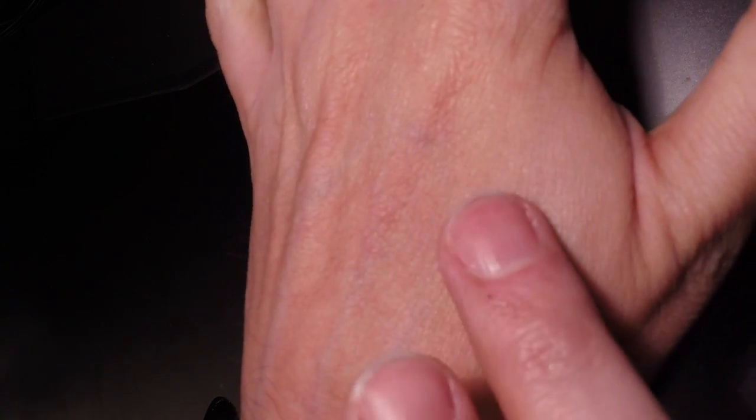If I make a fist, you can see it bulging out just a little bit. You can always feel it very easily to the touch.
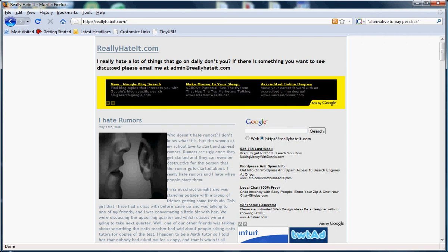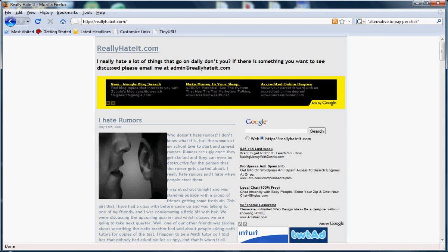Hello everybody. Today I wanted to take the chance to invite everyone to my website. Here you can see we are posting blogs about things that we really hate.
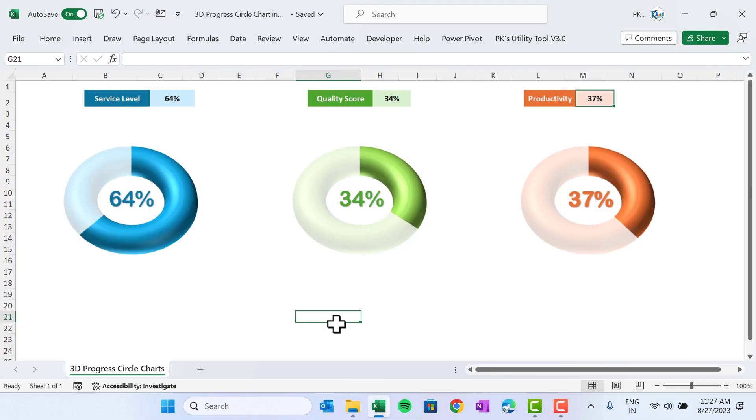Hello friends, welcome back. My name is VK. In this video, you will learn how to create beautiful 3D progress circle charts in Microsoft Excel. You can use this chart in your Excel dashboard to make it more beautiful and attractive. I will explain step by step how you can create this in Microsoft Excel, so let's start without delay.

### PROBLEM STATEMENT
May I have only the lines from the start of the data through the line containing "Hello everybody. Today", both included, reproduced exactly and without the pictures?

### EXPECTED ANSWER
If I make a fist, you can see it bulging out just a little bit. You can always feel it very easily to the touch.
Hello everybody. Today I wanted to take the chance to invite everyone to my website. Here you can see we are posting blogs about things that we really hate.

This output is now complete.